Last weekend all eyes were on Ireland's match with Italy and Brian O'Driscoll's final home international appearance.
But on Sunday evening, Ulster released a video that sees Stand Up For The Ulstermen given the full orchestra treatment, as part of the club's '#showURsupport' social media campaign.
The video is the latest round in the social media battle with London club Saracens ahead of their meeting in the Heineken Cup quarter-final at Ravenhill on 5 April.
A fortnight ago, Saracens posted their own YouTube video encouraging fans to Make Ravenhill Home in the upcoming fixture.
In Ulster's effort, footage of the orchestra, playing in the Ulster Hall, is interspersed with scenes of people from across the nine counties singing their support, including The Voice star Andrea Begley.
The clip ends with Irish rugby legend Willie John McBride warning Saracens they'll be playing "the whole province of Ulster" when they come to Ravenhill next month.
Having also met in the quarter-finals of last year's competition, Ulster Rugby said these videos were the latest evidence of the two clubs' friendly rivalry.
"When we travelled to play Saracens last year, we launched a campaign to Make Twickenham Home," said Neil Brittain, communications manager at Ulster Rugby. "I think Saracens were responding to that with their own version this year.
"We wanted to do a video that really represented the whole province of Ulster and all nine counties. That's why we have shots from Malin Head to South Down.
"It's important to convey the excitement and pride of being an Ulster rugby follower across to the world. And, of course, get people behind the team for April's match."
The process required Belfast-based orchestrator Paul Campbell to create a bespoke arrangement of the tune, which is best known as Go West by The Village People.
Neil added: "We contacted the Ulster Orchestra five weeks ago about doing it. I thought they could just dash out the tune during a rehearsal because it's fairly simple. But an orchestra needs a proper arrangement. I was amazed by how complex the song now sounds. Paul and the orchestra have really taken it and turned it into something grand and anthemic."
Veronica Morris, head of external relations with the Ulster Orchestra, said they are delighted to be a part of it.
"We were contacted by Ulster about doing a video which would rally blow Saracens out of the water," she said.
"No one was obliged to be a part of it but, once the orchestra heard about it, everyone was beating down my door to get involved," she said. "Pretty much all our members turned up to do it and those who couldn't be there on the day were very disappointed.
"The project came together very quickly. It was fortunate because our principal conductor JoAnn Faletta happened to be in town so was able to be a part of it. Paul did a great job with the score and it was a fantastic day.
"It's a bit corny but also a really nice version.

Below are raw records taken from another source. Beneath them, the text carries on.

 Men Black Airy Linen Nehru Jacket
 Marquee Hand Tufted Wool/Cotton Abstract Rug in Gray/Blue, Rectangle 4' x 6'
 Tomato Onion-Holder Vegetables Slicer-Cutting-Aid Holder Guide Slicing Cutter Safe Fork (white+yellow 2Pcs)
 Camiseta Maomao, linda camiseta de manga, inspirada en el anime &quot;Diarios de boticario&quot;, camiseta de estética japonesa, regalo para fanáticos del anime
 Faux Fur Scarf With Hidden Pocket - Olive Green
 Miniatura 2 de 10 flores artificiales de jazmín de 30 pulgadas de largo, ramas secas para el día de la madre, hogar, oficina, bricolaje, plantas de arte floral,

For the orchestra, it was great to do something a bit different and change the perception of what an orchestra is about."

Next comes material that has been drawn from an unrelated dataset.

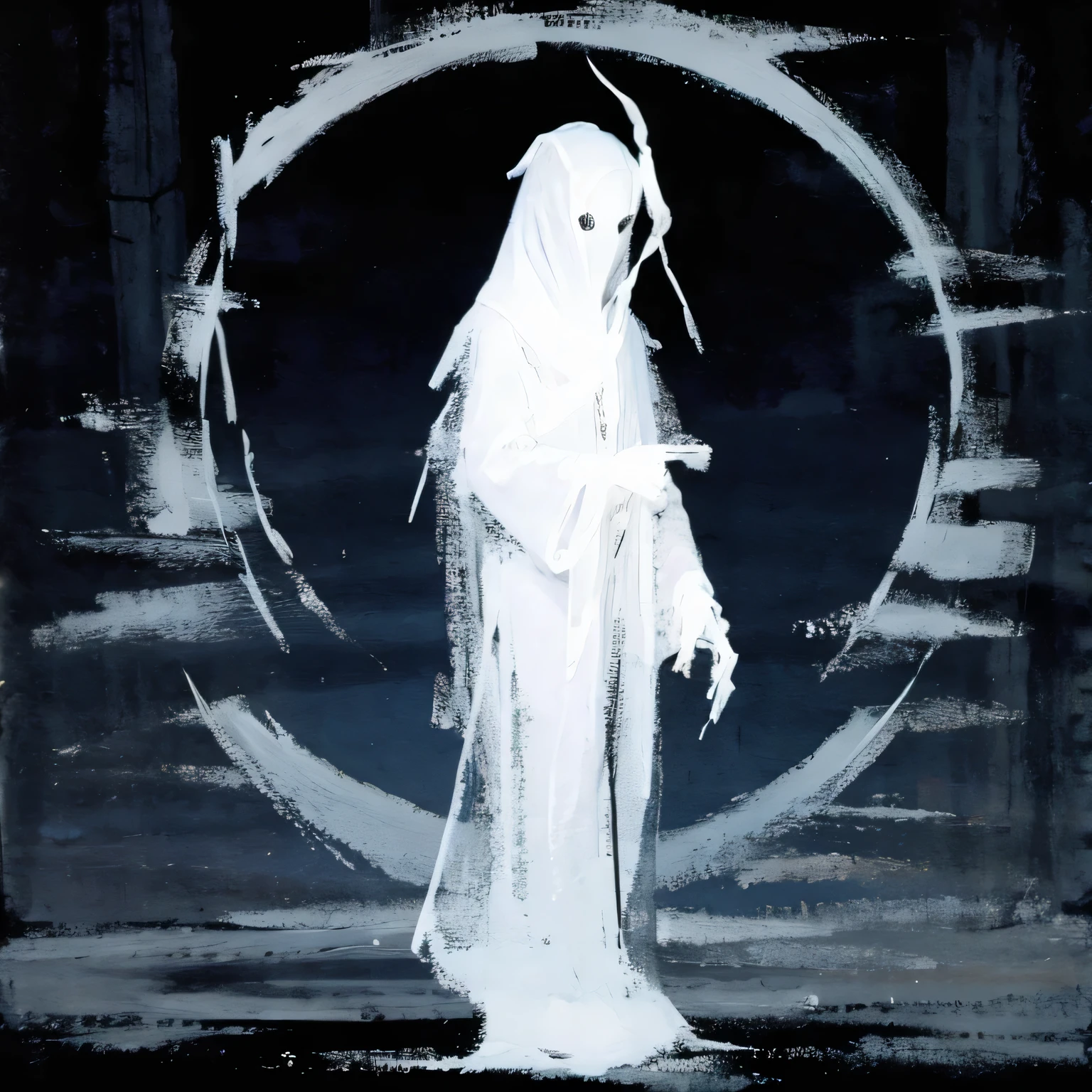 White Ghost Costume Silhouette Halloween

And what are the chances of the Ulster Orchestra making it to Ravenhill on match day to lead the crowd in some epic SUFTUM chants?
Veronica said the orchestra's members were "well up for it" while Neil said Ulster Rugby were happy to look at any possibilities of increasing the musical quality of Ravenhill's chanting.

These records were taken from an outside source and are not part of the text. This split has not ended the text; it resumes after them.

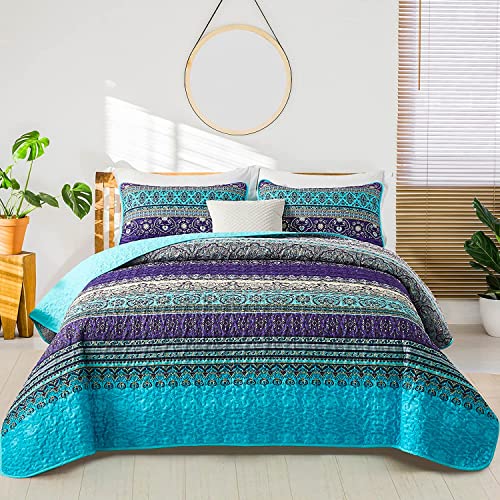 "WONGS BEDDING Boho Quilt Set California King, Blue Purple Bohemian Striped Pattern Printed Quilt Coverlet, Lightweight Microfiber Bed Decor Bedspread for All Season 106""x96""(3 Pieces, Cal King)"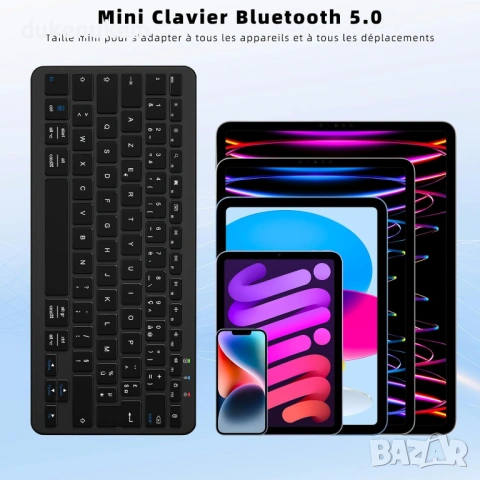 Мини безжична Bluetooth клавиатура AZERTY – френска подредба, USB-C, черна, снимка 4 - Клавиатури и мишки - 53382138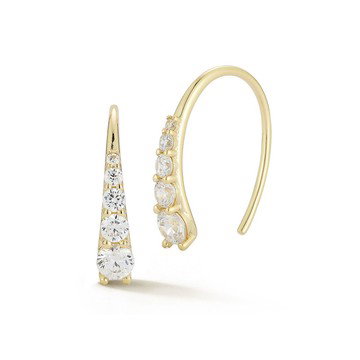 Rachel Zoe 14K Yellow Gold Over Sterling Silver Cubic Zirconia Graduated Threader Earrings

Meanwhile in the pre-match social media battle, Ulster appear to have come out no top having garnered over 8,000 views in just one day compared to less than 1,500 in two weeks for Saracens effort.
However Ulster still have someway to go to overcome the latest rugby based viral video sensation - a thank you video to Brian O'Driscoll from young patients at Dublin's Temple Street Children's Hospital that has racked up almost 85,000 views since going online last Friday.